* **Short text fragments from websites**
⟨

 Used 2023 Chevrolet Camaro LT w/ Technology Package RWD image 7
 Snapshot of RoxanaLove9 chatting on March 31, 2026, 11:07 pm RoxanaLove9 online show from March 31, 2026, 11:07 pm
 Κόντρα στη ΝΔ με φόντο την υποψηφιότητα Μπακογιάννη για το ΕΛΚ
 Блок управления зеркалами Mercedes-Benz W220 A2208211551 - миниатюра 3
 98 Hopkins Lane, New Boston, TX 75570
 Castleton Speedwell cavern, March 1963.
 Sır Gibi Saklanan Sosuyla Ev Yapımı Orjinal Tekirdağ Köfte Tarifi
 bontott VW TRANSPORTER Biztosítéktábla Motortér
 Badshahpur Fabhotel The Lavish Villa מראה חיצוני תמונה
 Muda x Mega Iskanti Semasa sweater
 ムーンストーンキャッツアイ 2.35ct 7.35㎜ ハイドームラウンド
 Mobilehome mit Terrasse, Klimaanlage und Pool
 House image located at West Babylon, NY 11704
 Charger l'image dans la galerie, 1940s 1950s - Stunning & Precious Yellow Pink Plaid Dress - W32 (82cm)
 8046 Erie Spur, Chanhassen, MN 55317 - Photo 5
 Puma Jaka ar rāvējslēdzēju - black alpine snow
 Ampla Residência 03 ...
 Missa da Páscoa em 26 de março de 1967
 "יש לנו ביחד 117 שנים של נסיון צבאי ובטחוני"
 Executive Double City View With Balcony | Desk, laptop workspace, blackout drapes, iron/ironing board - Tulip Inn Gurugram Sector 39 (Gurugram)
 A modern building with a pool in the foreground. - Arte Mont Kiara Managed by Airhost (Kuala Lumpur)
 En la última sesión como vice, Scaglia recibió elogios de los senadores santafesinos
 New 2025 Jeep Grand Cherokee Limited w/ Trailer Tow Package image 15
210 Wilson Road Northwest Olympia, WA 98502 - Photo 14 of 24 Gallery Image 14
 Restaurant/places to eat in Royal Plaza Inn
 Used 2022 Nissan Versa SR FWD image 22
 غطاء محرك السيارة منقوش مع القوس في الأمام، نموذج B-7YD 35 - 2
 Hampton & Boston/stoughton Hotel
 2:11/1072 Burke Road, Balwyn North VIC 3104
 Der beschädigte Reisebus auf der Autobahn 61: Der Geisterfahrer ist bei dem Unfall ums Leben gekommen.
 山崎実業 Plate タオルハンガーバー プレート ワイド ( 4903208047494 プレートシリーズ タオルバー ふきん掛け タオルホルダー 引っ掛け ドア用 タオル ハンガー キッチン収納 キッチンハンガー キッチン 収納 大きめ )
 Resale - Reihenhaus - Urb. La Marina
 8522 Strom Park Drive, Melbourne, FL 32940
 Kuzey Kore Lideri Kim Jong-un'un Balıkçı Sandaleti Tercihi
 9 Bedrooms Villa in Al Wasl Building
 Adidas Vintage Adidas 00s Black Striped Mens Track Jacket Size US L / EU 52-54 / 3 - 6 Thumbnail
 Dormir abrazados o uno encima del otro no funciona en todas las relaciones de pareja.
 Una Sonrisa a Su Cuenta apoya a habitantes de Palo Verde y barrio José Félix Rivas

⟩

* **Directions for this task**
Write out exactly the lines above between the line with "Блок управления зеркалами" and the line with "Charger l'image dans", inclusive, and nothing beyond them.

* **Response**
 Блок управления зеркалами Mercedes-Benz W220 A2208211551 - миниатюра 3
 98 Hopkins Lane, New Boston, TX 75570
 Castleton Speedwell cavern, March 1963.
 Sır Gibi Saklanan Sosuyla Ev Yapımı Orjinal Tekirdağ Köfte Tarifi
 bontott VW TRANSPORTER Biztosítéktábla Motortér
 Badshahpur Fabhotel The Lavish Villa מראה חיצוני תמונה
 Muda x Mega Iskanti Semasa sweater
 ムーンストーンキャッツアイ 2.35ct 7.35㎜ ハイドームラウンド
 Mobilehome mit Terrasse, Klimaanlage und Pool
 House image located at West Babylon, NY 11704
 Charger l'image dans la galerie, 1940s 1950s - Stunning & Precious Yellow Pink Plaid Dress - W32 (82cm)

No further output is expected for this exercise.